Sebut saja Tito secara sadar telah melanggar UU no 5 tahun 2014, tentang Aparatur Sipil Negara, yakni UU untuk ASN yang memiliki azas netral ( pasal 2), justru sekarang digunakan untuk memilih capres plat merah. Begitu juga menempatkan para plt Gubernur dan Bupati/walkot sesuai dengan skenarionya yakni kawan2 seiring. Bukan dipilih yg cakap dan mencintai negeri ini, tapi dipilih yang loyal pada presiden beserta oligarki. Sungguh ini pelanggaran serius yang sangat menyedihkan.
ASN juga diamanatkan untuk tidak berpihak dari segala bentuk pengaruh manapun dan tidak memihak kepada kepentingan siapapun. Asas netralitas seorang ASN harus diwujudkan, bebas dari segala bentuk pengaruh manapun dan tidak memihak pada kepentingan siapapun.

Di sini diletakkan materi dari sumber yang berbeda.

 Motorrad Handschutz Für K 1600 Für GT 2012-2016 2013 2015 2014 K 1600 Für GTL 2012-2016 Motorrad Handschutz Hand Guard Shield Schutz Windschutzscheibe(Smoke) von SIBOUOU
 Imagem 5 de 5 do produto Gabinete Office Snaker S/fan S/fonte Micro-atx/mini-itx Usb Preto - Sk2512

Memanfaatkan perangkat Desa dengan iming2 perpanjangan masa jabatan Kades menjadi 9 tahun, untuk mendukung capres plat merah.

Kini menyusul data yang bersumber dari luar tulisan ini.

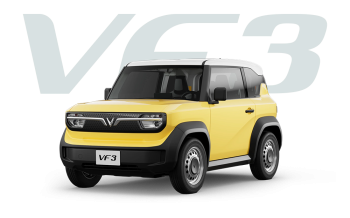 VINFAST VF3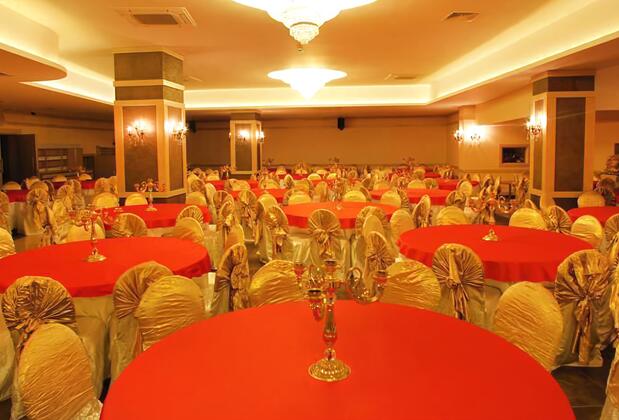 Green Suada Hotel - Görsel 15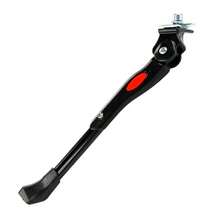 Apoio de bike pezinho com furo Central para bike de aro 20/29 com regulagem resistente - R-0-1 - Visão 8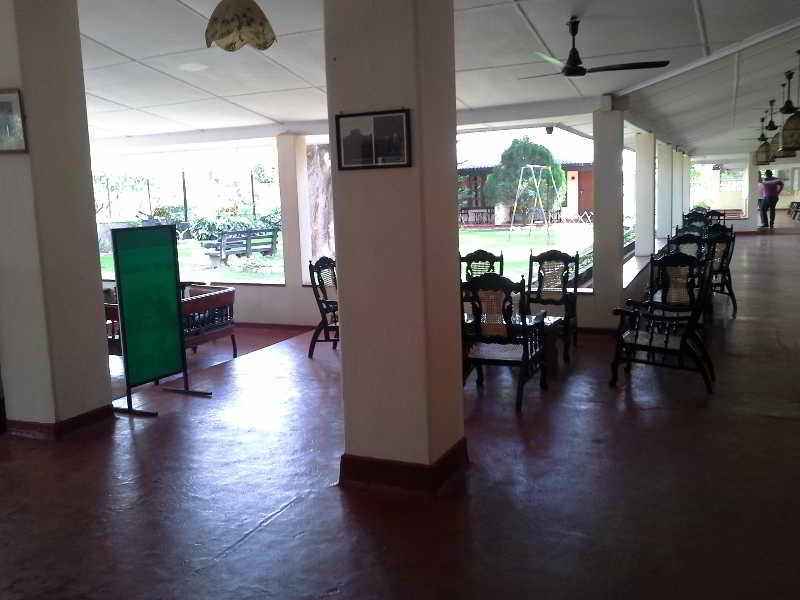 Sigiriya Rest House Εξωτερικό φωτογραφία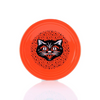 Fiesta® 9" Round Luncheon Plate | Black Cat, Serving Plate - Vintage Design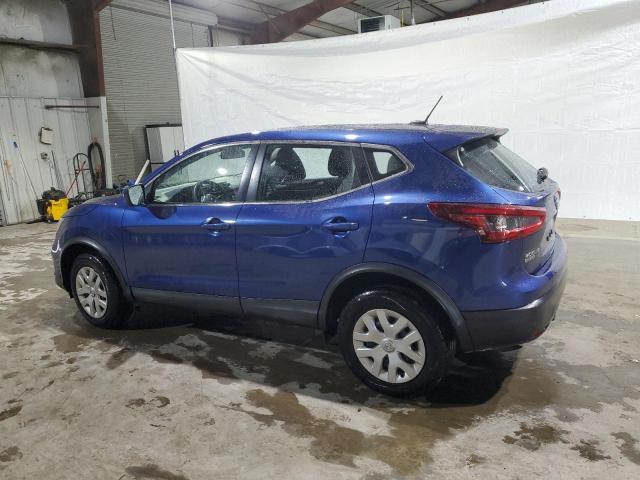 Изображение 2 2020 NISSAN ROGUE SPORT S 2020 с VIN JN1BJ1CW7LW373455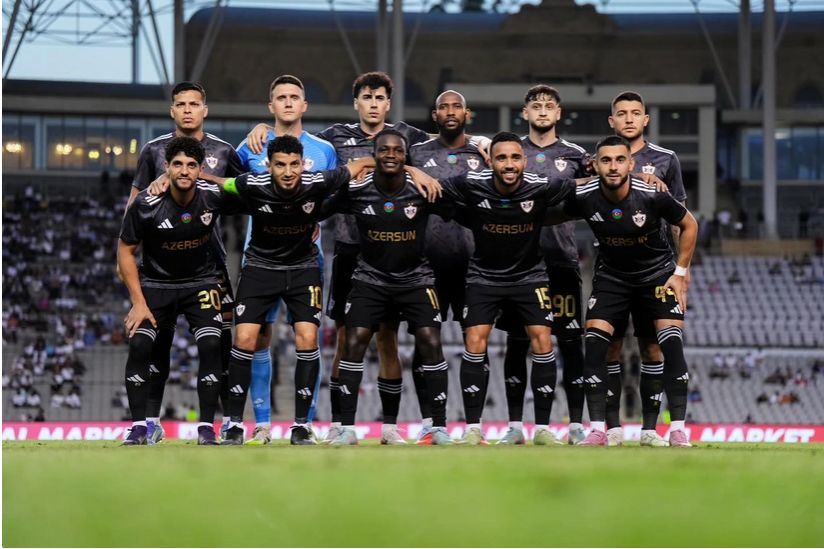 "Qarabağ"ın qış hazırlıq planı müəyyənləşib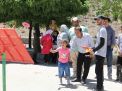 گزارش تصویری اردوی کارکنان دانشگاه 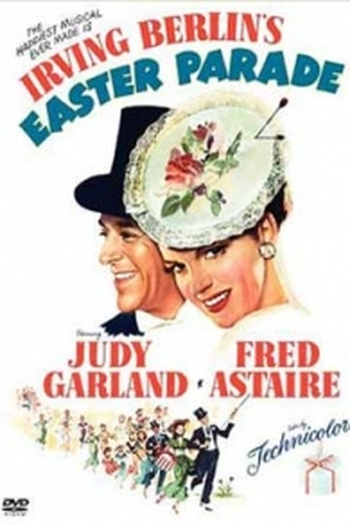  de Filme Desfile de Páscoa (1948)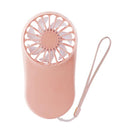 Portable USB Multi-function Fan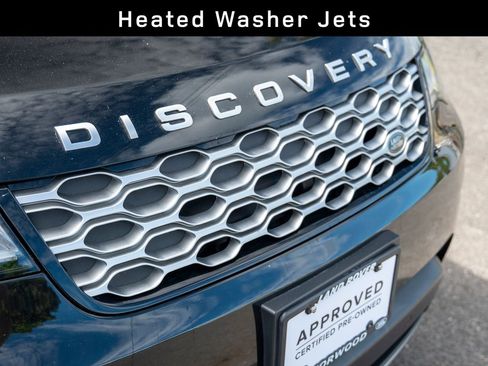 Certified 2024 Land Rover Discovery S image 16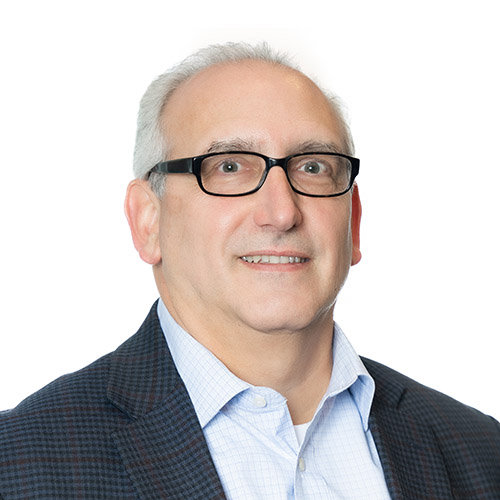 Rob DeMalo, Pace Building Sciences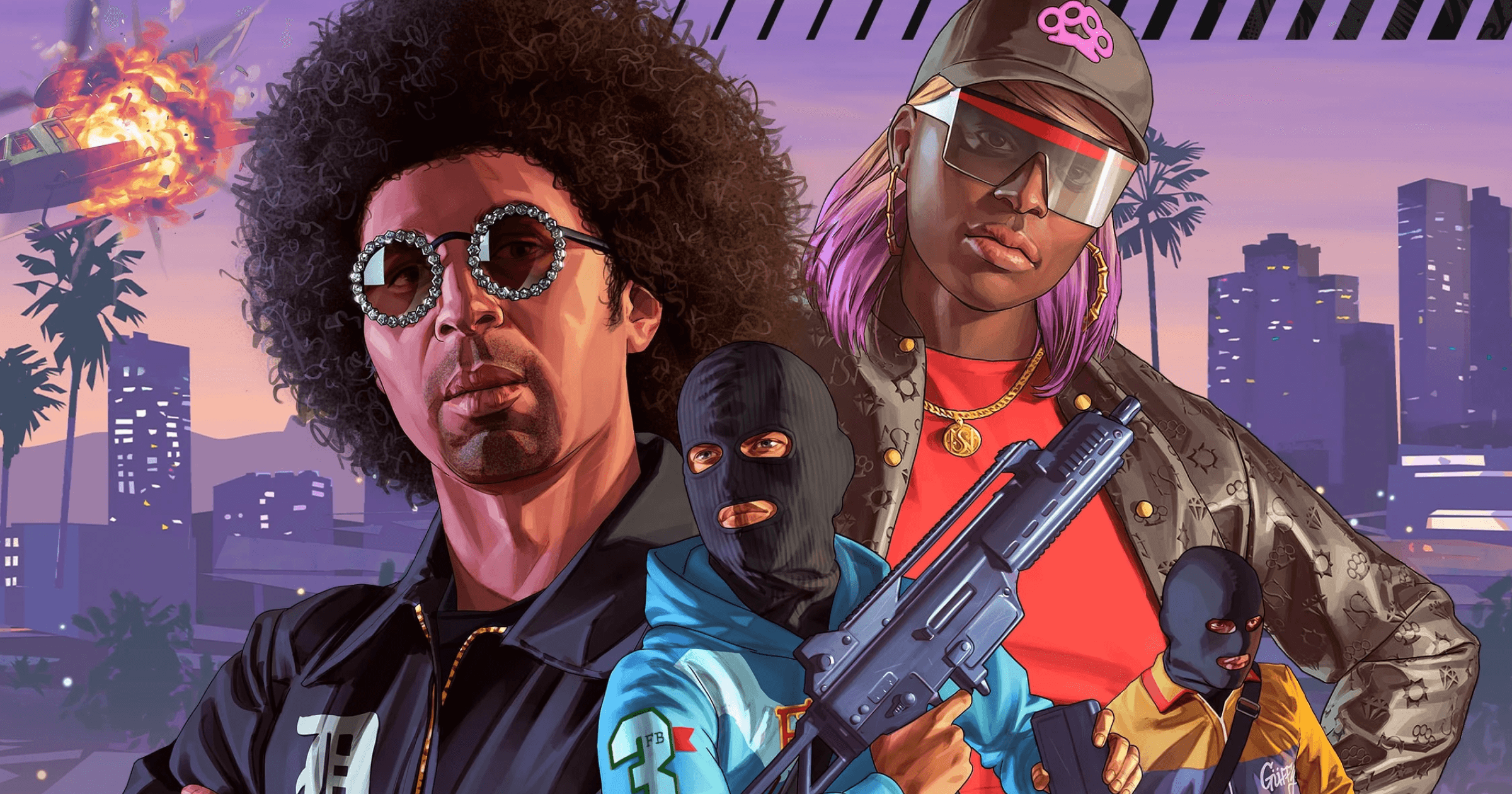 跟上《Minecraft》腳步！《GTA5》開發商也宣布禁用 NFT知名遊戲《GTA 5》的開發公司 Rockstar Games，已經宣佈禁止第三方伺服器使用 NFT，此前最早禁止的是另一款知名沙盒遊戲《Minecraft》。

Jika dilihat dari aspek Hukum selain ASN, TNI, dan Polri banyak lembaga/profesi yang diperintahkan untuk bersikap netral seperti Hakim, Pimpinan Badan Pemeriksa Keuangan, pejabat dan pegawai BUMN dan BUMD, pejabat negara yang bukan anggota parpol, kepala desa, perangkat desa dan anggota BPD serta warga negara yang tak memiliki hak memilih.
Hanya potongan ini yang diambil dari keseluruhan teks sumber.